The Reds were big beneficiaries on the night, to the extent that only a layer of paint on the crossbar was the difference between 1-3 and 2-2.
A third goal for the Baggies would likely have stood in normal circumstances, but a review showed an offside player a metre away from Simon Mignolet.
Moments later, Mohamed Salah going down in the box was ignored or unseen, but the video replay—after a lengthy delay—subsequently awarded a penalty.
Perhaps there would have been a different outcome had Roberto Firmino buried his penalty, but it came back out off the crossbar.
Thereafter, the Reds rarely threatened until Salah’s consolation, and not at all in the final 10 minutes.
Horrendous Defensive Work Again
A goal up at home early on to a side struggling in the Premier League, Liverpool should have been in for a good night.
Instead, by half-time they were staring down the barrel after, yet again, some calamitous defensive work left them in the lurch.
The mistakes and blame lay everywhere: not tracking runners, missing tackles in key areas, not being alert to shift across and close out space and in basic decision-making.
Emre Can was twice at fault—more on him in a moment—but Gini Wijnaldum, largely anonymous throughout, completely failed to track Jay Rodriguez’s run for the second goal while Alberto Moreno wasn’t close enough to his centre-backs for either one.
A succession of errors occurred throughout—and what Joel Matip was thinking trying to backheel a cross-shot off the line before the break for the third goal is anyone’s guess.

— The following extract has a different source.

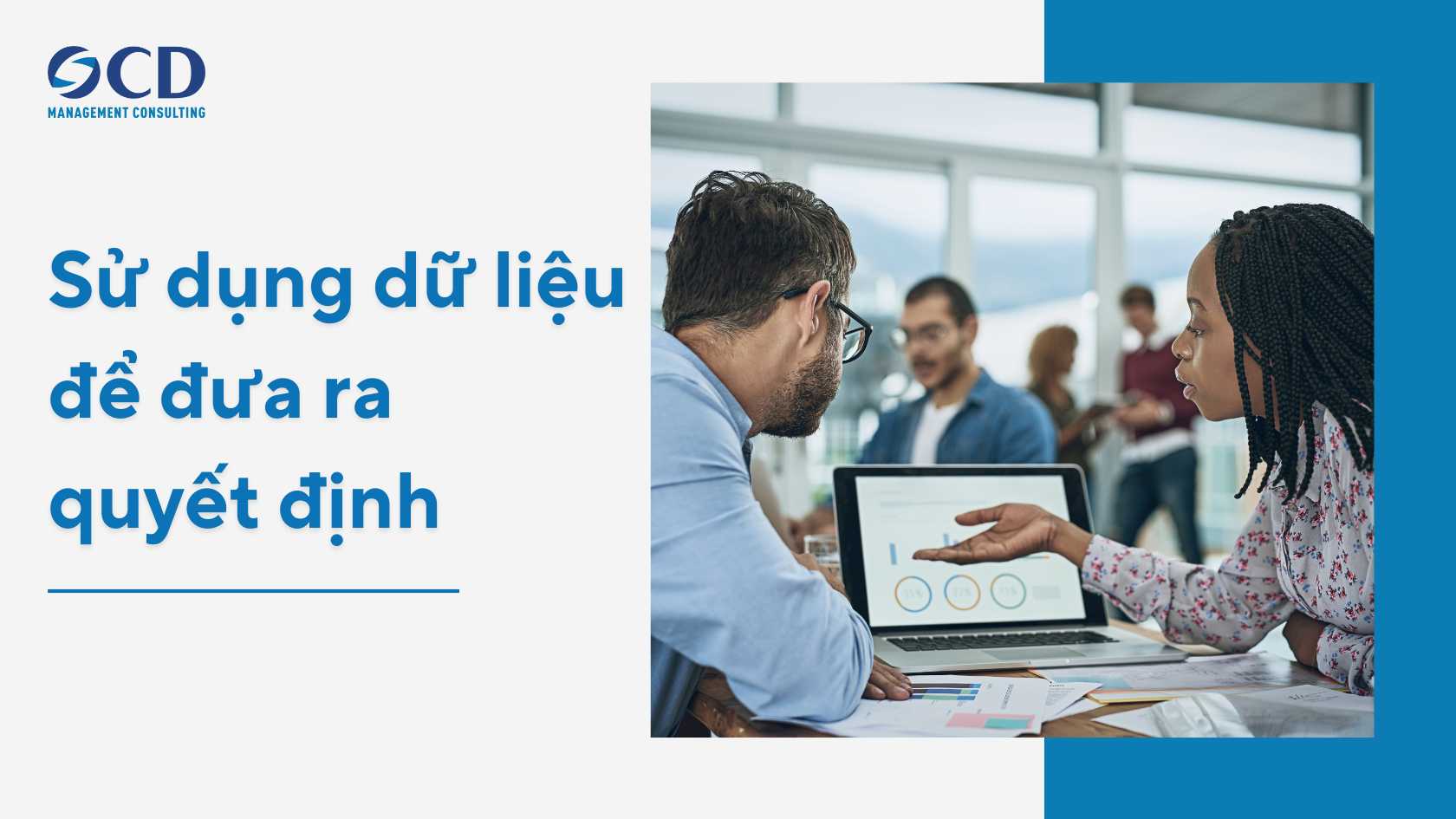 sử dụng dữ liệu để đưa ra quyết định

Mignolet, reinstated in goal, was abject—and even managed to be beaten by a header when jumping to fist the ball away.
Fortunately, the offside flag came to his rescue to chalk off the fifth time West Brom found the back of the net.
Emre Can…’t Be Captain
Wearing the captain’s armband has got to mean more than “who is available, who has been there longest.”

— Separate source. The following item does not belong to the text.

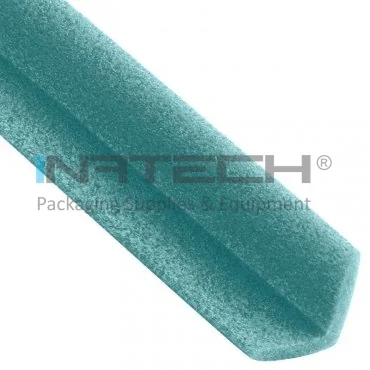 Profil Din Spuma PEE, Tip L Lungime 1000 mm, DIMENSIUNI A-B 50 x 50 mm, Grosime 6 mm, Culoare Verde, Metri / Pachet 120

The players must look to the skipper for inspiration, the skipper himself must rally the team and organise throughout, as well as be an influence on the match.
Can did none of that.
Sure, a poor performance can happen, but this was beyond poor, it was dismal. The Germany international can produce enormous games—he did against Man City recently—but this simply wasn’t good enough.
Is it right that he skippers the team without being willing to commit to it?
It’s a subjective question, but an entirely relevant one if the manager is choosing him to lead a team he doesn’t even wish to remain a part of.
Can might want bigger things, more silverware, but he’s contributed hugely on this occasion to his current side not being able to do win exactly that.
Does Klopp Trust His Bench?
Two goals down, needing a response. Who to turn to?
A total haul of two goals between them in all competitions this season, and not a whole lot of match action of late.
But the Reds simply don’t have game-changers available to them right now and it’s natural that, after two defeats to average opposition, questions will be asked over the January transfer market and the club’s spending.
It’s obvious another forward option is needed.
If Salah or Firmino go on a scoreless run, as can befall top attackers from time to time, where will the points come from to maintain a top-four challenge?
Klopp cannot possibly believe Ings will come through with eight or 10 strikes in the second half of the season, or some of the squad midfielders can even push half a dozen.
Another Trophyless Season
It’s now fast-approaching half a dozen years since the last time Liverpool won a trophy: the League Cup in February 2012.
Out of the FA Cup, it looks like another campaign will pass without that statistic changing.
Much improvement is needed and both players and fans need a quick pick-up in the shape of a win over Huddersfield.
Top four this season in the league is now an absolute must, and anything less, after early domestic cup exits, will be seen as a failure.